- Enrico Casamenti, Gözden Torun, Luciano Borasi, Maxime Lautenbacher, Mathieu Bertrand, Jérôme Faist, Andreas Mortensen, Yves Bellouard. Glass-in-glass infiltration for 3D micro-optical composite components. Optics Express, 2022; 30 (8): 13603 DOI: 10.1364/OE.451026
“Glass that transmits IR wavelengths is essential for many applications, including spectroscopy techniques used to identify various materials and substances,” said research team leader Yves Bellouard from Ecole Polytechnique Fédérale de Lausanne (EPFL) in Switzerland. “However, infrared glasses are difficult to manufacture, fragile and degrade easily in the presence of moisture.”
In the Optica Publishing Group journal Optics Express, the researchers describe their new technique, which can be used to embed fragile IR glasses inside a durable silica matrix. The process can be used to create virtually any interconnected 3D shape with features measuring a micron or less. It works with a wide variety of glasses, offering a new way to fine-tune the properties of 3D optics with subtle combinations of glass.
“Our technique could open the door to a whole new range of new optical devices because it can be used to make infrared optical circuits and arbitrarily shaped IR micro-optics that were not previously possible because of the poor manufacturability of IR glass,” said Enrico Casamenti, first author of the paper. “These optics could be used, for example, for spectroscopy and sensing applications or to create an IR camera small enough to integrate into a smartphone.”
The new fabrication process grew out of previous work in which Bellouard’s research team collaborated with the team of Andreas Mortensen, also at EPFL, to develop a method for forming highly conductive metals inside an insulating 3D silica substrate.
“Our team began seeking innovative ways to achieve broadband light confinement in arbitrarily shaped 3D optical circuits,” said Bellouard. “That’s when we decided to explore the possibility of modifying a process that we first demonstrated using metal so that it could be used to produce structures that combine two types of glass.”
For the new approach, the researchers start by creating an arbitrarily shaped 3D cavity inside a fused silica glass substrate using femtosecond laser-assisted chemical etching. This uses the pulsed beam of a femtosecond laser — which can be focused to a spot roughly one micrometer wide — to alter the glass structure in a way that allows the exposed areas to be removed with a chemical such as hydrofluoric acid.

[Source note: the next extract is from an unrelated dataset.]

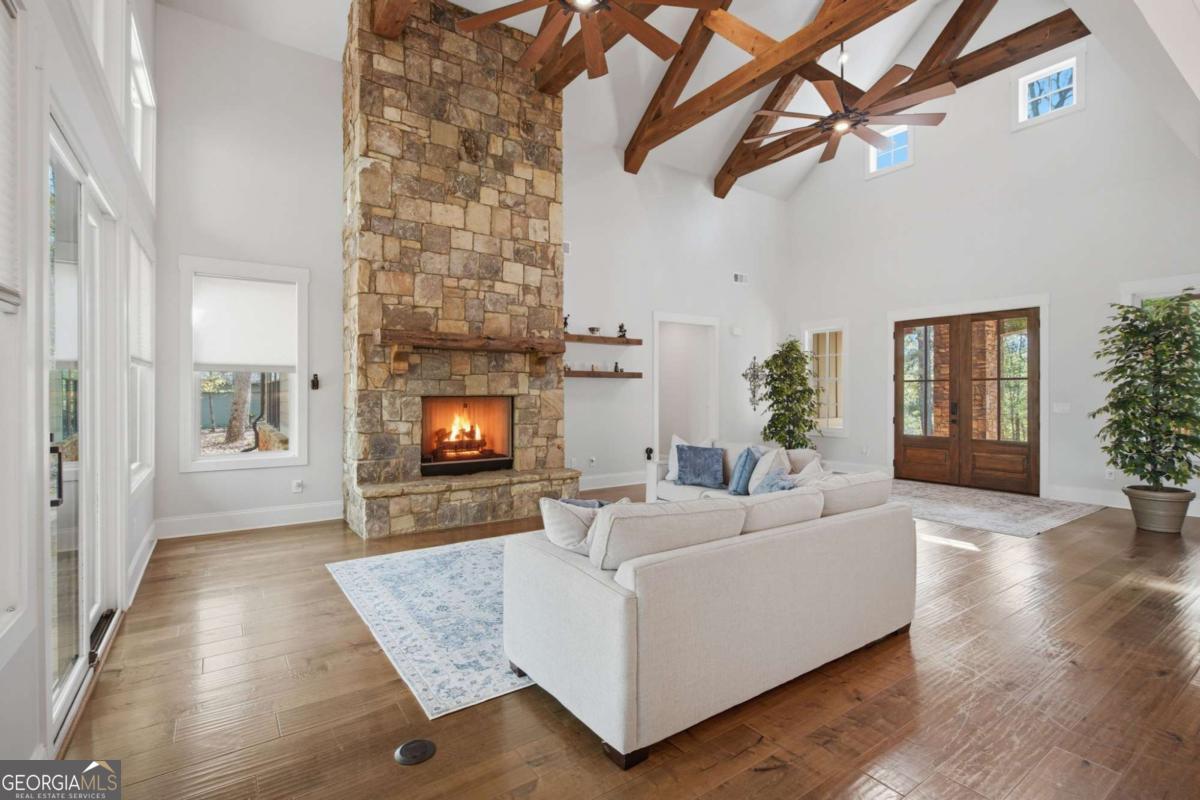 83 Summit Drive W Big Canoe GA 30143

Once this is done, the tiny cavity must be filled with another material to create a composite structure. The researchers accomplished this by using a miniaturized version of pressure-assisted casting, in which a second material is melted and pressurizing so that it can flow and solidify within the network of carved silica cavities. The second material can be a metal, glass or any material with a melting point below that of the carved silica substrate and that does not react with silica glass.
Creating complex optics
“Our fabrication method can be used to protect IR glass, opening new avenues for micro-scale infrared optical circuits that are fully integrated in another glass substrate,” said Bellouard. “Also, because fused silica and chalcogenide offer high refractive-index contrast, we can form these materials into IR waveguides that can transmit light much like optical fibers.”
The researchers demonstrated the new method by creating various complex shapes, including an EPFL logo, using chalcogenide IR glass and a silica glass substrate. They also showed, with the help of colleagues at ETH Zurich, that some of the structures they created could effectively be used for guiding mid-IR light emitted from a quantum cascade laser at 8 microns. Few optical components are available for this spectral range because of manufacturing challenges.
They are continuing to explore the capabilities of the new process in terms of combining different glasses and plan to test the composite parts in spectroscopy and other applications.